Size of partitions of my OpenBSD laptop
Having again installed OpenBSD on my laptop (it just works), as a reminder my layout of partitions.
This laptop (Thinkpad T430-U) has a 120GB SSD.
mountpoint | recommendation from disklabel | what I chose in GB | |
---|---|---|---|
root(/) | 5% of disk. | 150M – 1G | 2 |
swap | 10% of disk. | 80M – 2x max physical memory | 8 |
/tmp | 8% of disk. | 120M – 4G | 5 |
/var | 13% of disk. | 80M – 4G + 2x size of crash dump | 10 |
/usr | 10% of disk. | 1500M – 30G | 20 |
/usr/X11R6 | 3% of disk. | 384M – 1G | 0 |
/usr/local | 15% of disk. | 1G – 20G | 25 |
/usr/src | 2% of disk. | 1500M – 3G | 0 |
/usr/obj | 4% of disk. | 5G – 6G | 0 |
/home | 30% of disk. | 1G – 300G | 45 |
/home/myuser/local | 5 | ||
Sum | 120 |
Why a special partition for /home/myuser/local? I am used to install self-compiled stuff under my home directory, f.e. current emacs. I don't want to pollute my /usr/local directory. Giving it its own partition below /home gives the possibility to mount it wxallowed.

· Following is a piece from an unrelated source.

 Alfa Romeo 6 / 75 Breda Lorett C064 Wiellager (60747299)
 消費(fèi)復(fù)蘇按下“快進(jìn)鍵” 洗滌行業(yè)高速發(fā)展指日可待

Disclaimer: I chose to have no seperate partitions for X11R6, src and obj. I just wanted to have one usr partition (except local, because of wxallowed) to be more flexible. Whether this fits your needs, you'll have to evaluate. I won't compile any ports or the kernel at this machine, so I think there is no need for src and obj.
Btw - the logic of auto-partition is explained at disklabel.